Schottlands Landkarte in NationalfarbenTag 3, Tarbert

Der Sonntag begann genauso wie der Samstag für uns. Ein gediegenes schottisches Frühstück zum Start und über das Mittagessen mussten wir uns an diesem Tag keine weiteren Gedanken machen. Nachdem wir alle alkoholtechnisch relevanten Sehenswürdigkeiten von Campbeltown schon am Vortag besucht hatten, war der Vormittag bis zur Busfahrt zum Schiff in Tarbert für einen kleinen Stadtrundgang reserviert. Vom B&B aus ging es zuerst den Low Askomill Walk raus in Richtung Davaar Island. Eine schöne, kurze Route für einen Spaziergang bei schönem Wetter, vorbei an sehenswerten Herrenhäusern und dem Craigard House, das wir uns gut als Hotel für unseren nächsten Besuch in Campbeltown vorstellen konnten. Zurück in Campbeltown ging es die Main Street rauf zum Sheriffs Office und über ein paar Seitenstraßen wieder runter zum Hafen. Nach einer kurzen entspannenden Pause auf einer Parkbank im Sonnenschein haben wir uns etwas Geld gekauft, um das B&B bezahlen zu können. Die freundliche Landlady hat uns noch viel Spaß beim Feis Ile gewünscht und wir machten uns auf zur Bushaltestelle.
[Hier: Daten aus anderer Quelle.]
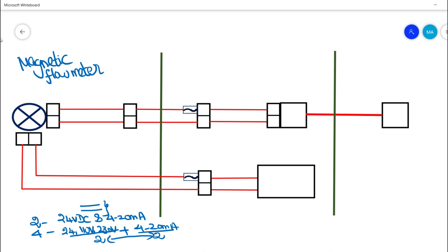Normally a magnetic flow meter, mass flow meter, and different types of flow meters come in 4-wire configurations. Not only flow meters — some other unique instruments would also come with 4-wire loop configurations. So let us see this loop diagram.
Der weitere Plan des Tages sah vor, dass sich die segeltüchtige Reisegruppe an einem Pier in West Loch Tarbert treffen sollte, um das Schiff zu entern. Die meisten sollten mit dem Bus aus Glasgow um 15 Uhr dort ankommen. Wir hätten die Möglichkeit gehabt, mit dem 15-Uhr-Bus aus Campbeltown gegen 16 Uhr dort zu sein. Da wir nach unserem kurzen aber – entsprechend der Größe von Campbeltown – ausgiebigen Stadtrundgang noch jede Menge Zeitreserve im Gepäck hatten, haben wir uns gedacht, dass wir schon den Bus um 11.30 Uhr nehmen könnten, um dann auf jeden Fall gleichzeitig mit den anderen am Schiff zu sein. Die Wartezeit am Pier wollten wir dann ganz stressfrei genießen.

Der Bus kam pünktlich (wir warteten nur an der falschen Haltestelle), und wir machten uns planmäßig zu unserem eigentlichen Reiseziel auf. Unterwegs begann es allerdings ein wenig zu Regnen. Nein, nicht draußen sondern im Bus, sehr lokal über dem Fahrer und den nächsten Sitzreihen dahinter. Der (noch recht neu anmutende) Bus kam gerade aus der Waschanlage und hatte über den Auslass der Klimaanlage wohl unfreiwillig Waschwasser getankt, dass sich jetzt über die Gepäckablage den Weg nach unten ins Businnere suchte. Den nassen Busfahrer ließ das augenscheinlich ziemlich kalt. Der Hinweis eines Fahrtgastes wurde mit einem „jaja, kann passieren“ abgetan. Irgendwann stoppte er nur kurz, nahm sich etwas Küchenrolle und trocknete das Gepäckfach. Für einen deutschen Busfahrer wäre so eine gelassene Reaktion eher undenkbar. Oder war es gar keine Gelassenheit sondern ein Mischung aus Erfahrung und Resignation?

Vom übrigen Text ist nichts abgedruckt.